За эту речь я переломил или, лучше сказать, заглушил на время мою кровную связь с народом, в котором находил так много отзывов на светлые и темные стороны моей души, которого песнь и язык – моя песнь и мой язык, и остаюсь с народом, в жизни которого я глубоко сочувствую одному горькому плачу пролетария и отчаянному мужеству его друзей.

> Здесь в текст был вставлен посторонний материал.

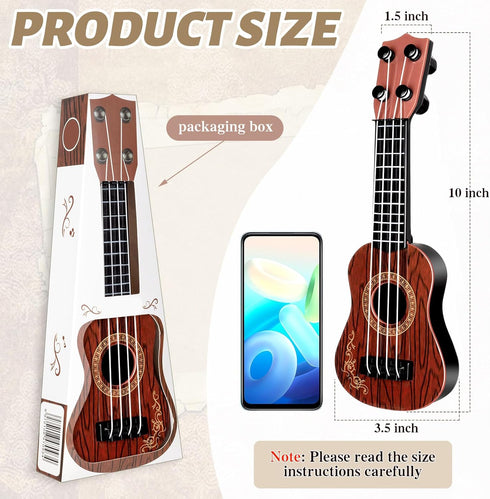 XGHSHW 10 Inch 6 4 Kids Toy Guitar Pcs Mini Toddler Guitars Strings Guitar Ukulele Educational Learning Toy for Toddler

Дорого мне стоило решиться… вы знаете меня… и поверите. Я заглушил внутреннюю боль, я перестрадал борьбу и решился не как негодующий юноша, а как человек, обдумавший, что делает, сколько теряет… Месяцы целые взвешивал я, колебался и, наконец, принес все на жертву:
Человеческому достоинству, Свободной речи. До последствий мне нет дела, они не в моей власти, они скорее во власти своевольного каприза,
Повиноваться противно своему убеждению, когда есть возможность не повиноваться, – безнравственно. Страдательная покорность становится почти невозможной. Я присутствовал при двух переворотах, я слишком жил свободным человеком, чтоб снова позволить сковать себя; я испытал народные волнения, я привык к свободной речи и не могу сделаться вновь крепостным ни даже для того, чтоб страдать с вами. Если б еще надо было умерить себя для общего дела, может, силы нашлись бы; но где на сию минуту наше общее дело? У вас дома нет почвы, на которой может стоять свободный человек. Можете ли вы после этого звать?.. На борьбу – идем; на глухое мученичество, на бесплодное молчание, на повиновение – ни под каким видом. Требуйте от меня всего, но не требуйте двоедушия, не заставляйте меня снова представлять верноподданного, уважьте во мне свободу человека.

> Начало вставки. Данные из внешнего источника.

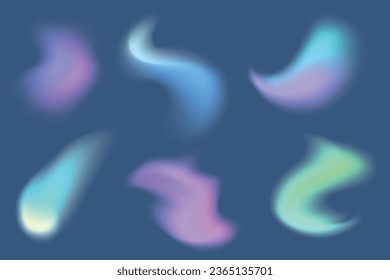 Set of transparent light rainbow crystal. Holographic abstract blur spot. Soft geometric blend graphic design isolated set. Bright fluid paint colorful blurry dynamic brush stroke glow. Vector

Свобода лица – величайшее дело; на ней и только на ней может вырасти действительная воля народа. В себе самом человек должен уважать свою свободу и чтить ее не менее, как в ближнем, как в целом народе. Если вы в этом убеждены, то вы согласитесь, что остаться теперь здесь – мое право, мой долг; это единственный протест, который может у нас сделать личность, эту жертву она должна принести своему человеческому достоинству. Ежели вы назовете мое удаление бегством и извините меня только вашей любовью, это будет значить, что вы еще не совершенно свободны.

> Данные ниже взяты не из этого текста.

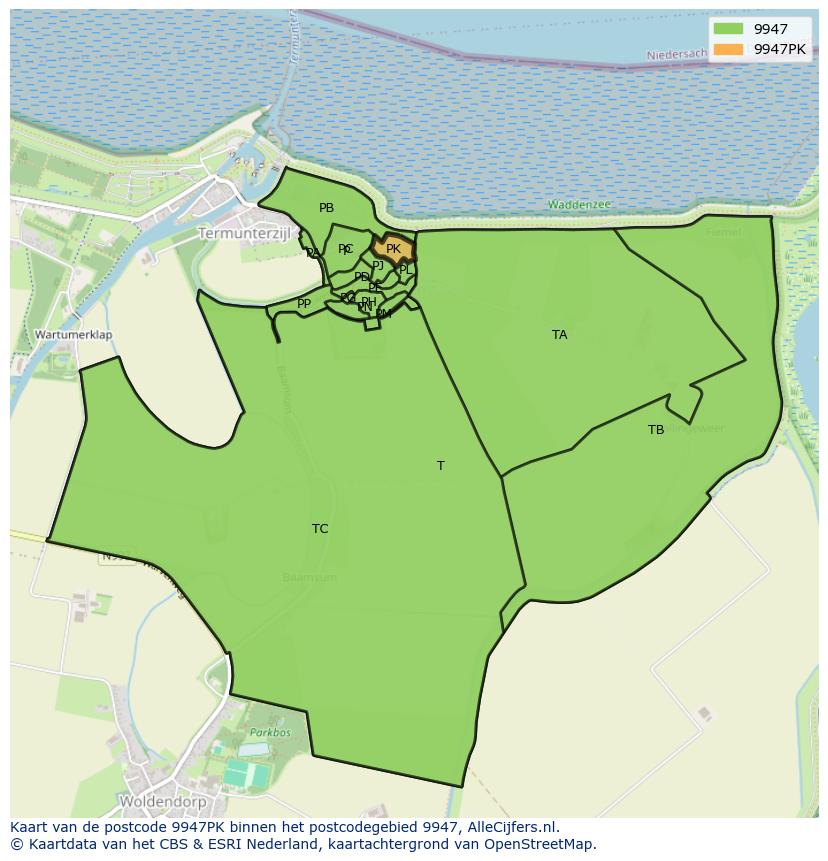 Afbeelding van het postcodegebied 9947 PK op de kaart.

Я все знаю, что можно возразить с точки зрения романтического патриотизма и цивической натянутости; но я не могу допустить этих староверческих воззрений; я их пережил, я вышел из них и именно против них борюсь. Эти подогретые остатки римских и христианских воспоминаний мешают больше всего водворению истинных понятий о свободе, – понятий здоровых, ясных, возмужалых. По счастию, в Европе нравы и долгое развитие восполняют долею нелепые теории и нелепые законы. Люди, живущие здесь, живут на почве, удобренной двумя цивилизациями; путь, пройденный их предками в продолжение двух с половиною тысячелетий, не был напрасен, много человеческого выработалось независимо от внешнего устройства и официального порядка.
В самые худшие времена европейской истории мы встречаем некоторое уважение к личности, некоторое признание независимости – некоторые права, уступаемые таланту, гению. Несмотря на всю гнусность тогдашних немецких правительств, Спинозу не послали на поселение, Лессинга не секли или не отдали в солдаты. В этом уважении не к одной материальной, но и к нравственной силе, в этом невольном признании личности – один из великих человеческих принципов европейской жизни.
В Европе никогда не считали преступником живущего за границей и изменником переселяющегося в Америку.
У нас нет ничего подобного. У нас лицо всегда было подавлено, поглощено, не стремилось даже выступить. Свободное слово у нас всегда считалось за дерзость, самобытность – за крамолу; человек пропадал в государстве, распускался в общине. Переворот Петра I заменил устарелое, помещичье управление Русью – европейским канцелярским порядком; все, что можно было переписать из шведских и немецких законодательств, все, что можно было перенести из муниципально-свободной Голландии в страну общинно-самодержавную, все было перенесено; но неписанное, нравственно обуздывавшее власть, инстинктуальное признание прав лица, прав мысли, истины не могло перейти и не перешло. Рабство у нас увеличилось с образованием; государство росло, улучшалось, но лицо не выигрывало; напротив, чем сильнее становилось государство, тем слабее лицо. Европейские формы администрации и суда, военного и гражданского устройства развились у нас в какой-то чудовищный, безвыходный деспотизм.